Your task is to return, word for word, only the lines from the line with "Parapente biplaza panorámico" through the close of the data. Exclude all pictures.

**Source material**:
[Start of Attachment]

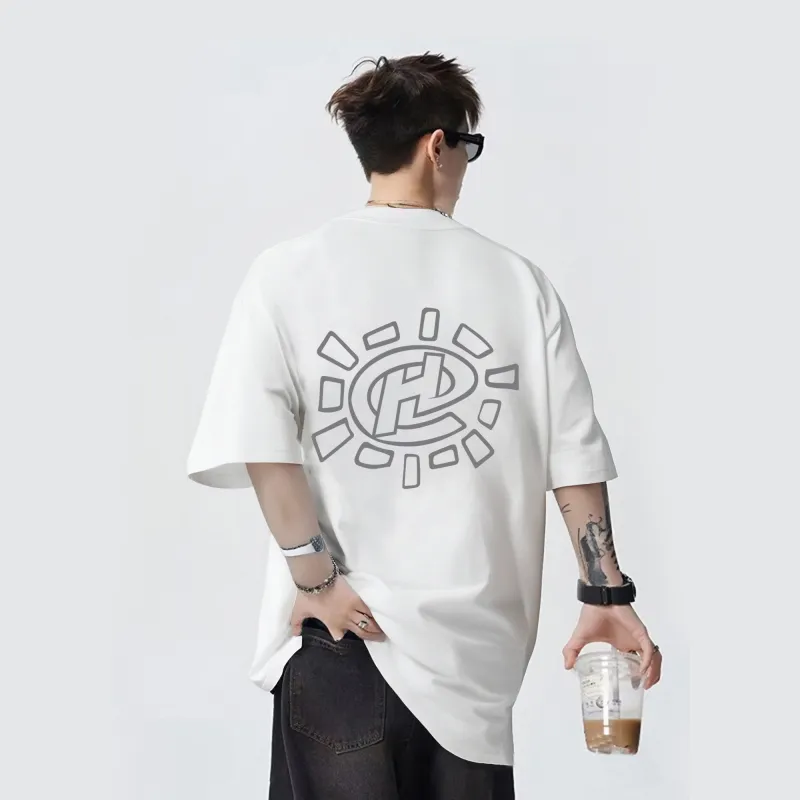 HOZZS T Shirts Unisex-8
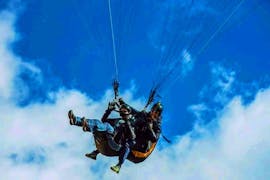 Parapente biplaza panorámico en Zagreb  (a partir de 14 años) - Ivanšćica Mountain con Sky Riders Paragliding Croatia.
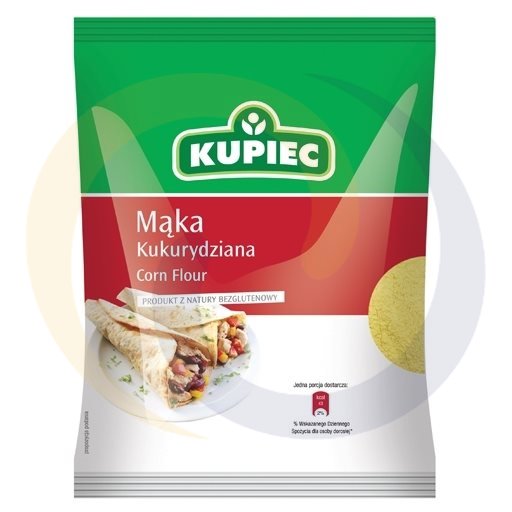 Kupiec Maïszetmeel 400 g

[End of Attachment]

**Result of this task**:
 Parapente biplaza panorámico en Zagreb  (a partir de 14 años) - Ivanšćica Mountain con Sky Riders Paragliding Croatia.
 Kupiec Maïszetmeel 400 g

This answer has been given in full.